Il y a d’abord la véritable Marie Madeleine. Celle qui, dans la Bible, s’appelle précisément Marie de Magdala. Magdala, c’est le nom de la localité au bord du lac de Tibériade où elle vivait. D’où le nom de Madeleine.
D’après l’Évangile de Luc, Jésus la délivre de 7 démons. Après cet exorcisme, Marie de Magdalena se joint à la troupe de Jésus et de ses apôtres, parcourant la Judée et Jérusalem.
Grâce à l’Évangile de saint Marc, on apprend aussi sa présence lors de la Crucifixion et de la mise au tombeau du Christ. Mais le moment le plus important, c’est lorsque Jésus ressuscite et choisit Marie-Madeleine comme première témoin de ce miracle, avant même ses propres apôtres. Cette primeur suggère l’importance du personnage. Malheureusement, la Bible reste muette sur son compte après cet épisode.
Trois femmes en une
Dans cette histoire assez simple, un homme en robe rouge sème la confusion : le pape Grégoire le Grand. On se situe près de 6 siècles après la mort de la sainte. Selon les paroles pontificales, Marie-Madeleine se cacherait derrière d’autres femmes mentionnées dans les Évangiles. L’une d’entre elles est Marie de Béthanie, citée par les évangélistes Jean et Luc. Elle est la sœur de Marthe et de Lazare que Jésus ressuscite et sort de son tombeau. Marie de Béthanie, Marie-Madeleine : les deux femmes partagent le même prénom mais est-ce suffisant pour assimiler l’une à l’autre ?

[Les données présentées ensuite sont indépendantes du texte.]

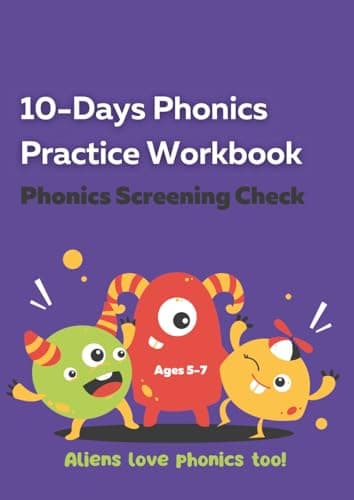 Image of Aliens Love Phonics too: 10-Days Phonics Practice Workbook | Phonics Screening Check for Ages 5-7 | KS1 English Year 1 Phonics Practice Test Book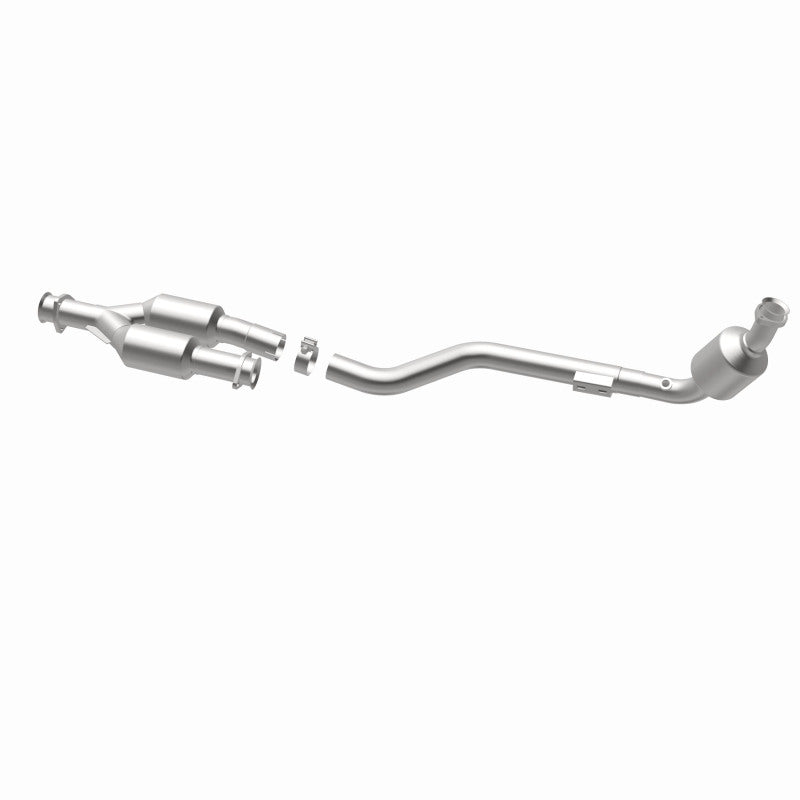 MagnaFlow 5411188 carb direct-fit catalytic converter, opposite rear three-quarter view of the turntable spin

Il y a aussi cette « femme pécheresse » décrite dans l’Évangile de Luc. Elle assiste au repas de Jésus chez un certain Simon (désolé pour l’accumulation de prénoms). À genoux devant le Messie, cette mystérieuse femme pleure. Ses larmes tombent sur les pieds de l’invité d’honneur. Elle les essuie avec sa chevelure puis les parfume. Judas est scandalisé d’un tel gâchis mais Jésus défend le geste généreux de l’inconnue.

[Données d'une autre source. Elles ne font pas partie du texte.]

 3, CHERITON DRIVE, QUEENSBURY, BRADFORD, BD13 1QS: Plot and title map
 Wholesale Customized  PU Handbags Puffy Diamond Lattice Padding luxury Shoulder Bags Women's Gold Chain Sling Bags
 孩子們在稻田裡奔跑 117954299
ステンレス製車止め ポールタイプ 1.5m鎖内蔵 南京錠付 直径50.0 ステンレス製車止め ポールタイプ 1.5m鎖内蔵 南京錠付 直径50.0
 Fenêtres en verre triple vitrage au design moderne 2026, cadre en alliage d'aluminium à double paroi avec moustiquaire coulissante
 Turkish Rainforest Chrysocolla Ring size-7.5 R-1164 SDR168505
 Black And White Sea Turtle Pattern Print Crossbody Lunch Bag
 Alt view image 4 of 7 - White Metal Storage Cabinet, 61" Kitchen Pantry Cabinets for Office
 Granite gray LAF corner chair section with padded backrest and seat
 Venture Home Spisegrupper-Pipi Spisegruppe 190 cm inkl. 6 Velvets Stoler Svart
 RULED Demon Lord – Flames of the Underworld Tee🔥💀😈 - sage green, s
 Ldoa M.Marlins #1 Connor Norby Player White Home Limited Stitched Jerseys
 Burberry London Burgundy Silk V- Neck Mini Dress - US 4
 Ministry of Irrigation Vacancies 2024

Pour saint Jean, cette femme anonyme est en fait Marie de Béthanie, que j’ai évoquée plus tôt. Le pape Grégoire le Grand en conclut donc que Marie-Madeleine est Marie de Béthanie qui est aussi la femme qui essuya les pieds de Jésus avec ses cheveux. Aucun théologien catholique n’émettra de doutes sur ce rapprochement. On ne dément pas un pape aussi prestigieux que Grégoire le Grand !
Pourtant, dans l’Église grecque puis orthodoxe, on ne s’est pas livré à un amalgame aussi tiré par les cheveux (c’est le cas de le dire). D’ailleurs, en 1969, l’Église catholique a finalement rejeté l’interprétation téméraire du pape Grégoire. Trop tard : la réinvention de Marie-Madeleine était déjà bien lancée.

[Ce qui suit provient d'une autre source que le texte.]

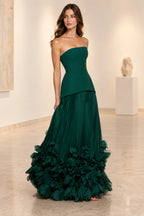 Sophisticated Strapless Corset Lace Up Back Pleated Maxi Prom Dress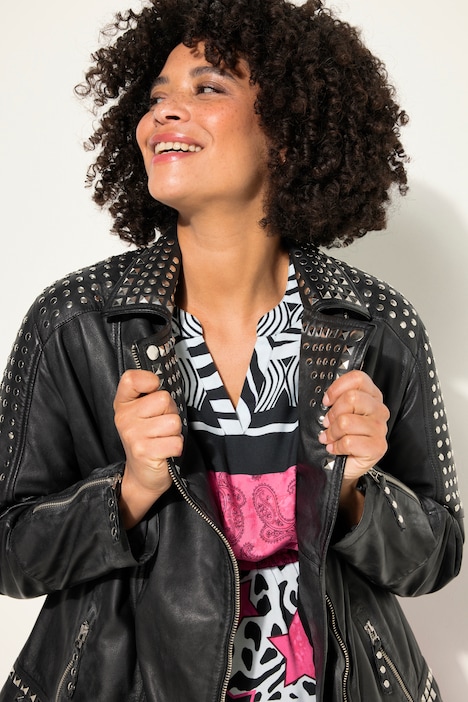 Leder-Bikerjacke, Ziernieten, Langarm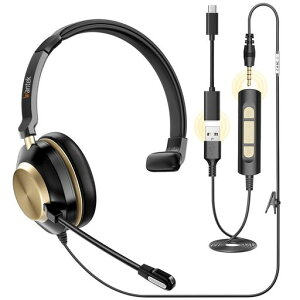 Wantek �V�^�w�b�h�Z�b�g USB/TypeC/3.5mm �Ў� �m�C�Y�L�����Z�����O�}�C�N�t�� �L��PC�p�w�b�h�z�� Web��c�ASkype�A�I�t�B�X�A�ݑ�Ζ��A�Ɩ��p�A�����[�g���[�N�A�R�[���Z���^�[�ɓK�p �N���c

Prostituée et femme de Jésus : 2 idées reçues sur Marie-Madeleine
Aujourd’hui, beaucoup considèrent Marie-Madeleine comme une prostituée si bien qu’elle est devenue la patronne des prostituées repenties.
Cependant, les Écritures ne la qualifient jamais ainsi.
Marie de Magdalena est en revanche délivrée de 7 démons par Jésus. Elle serait aussi une pécheresse si on assimile, comme le pape Grégoire, Marie-Madeleine à la femme qui parfuma les pieds du Christ. À partir de ces éléments, il semble que les hommes aient conclu que les démons de Marie-Madeleine étaient ceux de la luxure et ses péchés étaient forcément de chair. Une interprétation un peu hâtive encore une fois.
Autre image tenace, Marie-Madeleine serait la femme cachée de Jésus. Le roman Da Vinci Code a popularisé cette théorie mais elle repose principalement sur l’Évangile de Philippe, un écrit chrétien ancien non reconnu canonique par la plupart des églises chrétiennes. Il y est fait notamment mention de Marie-Madeleine comme « compagne » de Jésus, ce qui a conduit à beaucoup de spéculations sur la nature de leur relation. Cependant, le mot utilisé pour « compagne » peut aussi être traduit par « compagnon » ou « partenaire », et n’indique pas nécessairement une relation romantique ou conjugale.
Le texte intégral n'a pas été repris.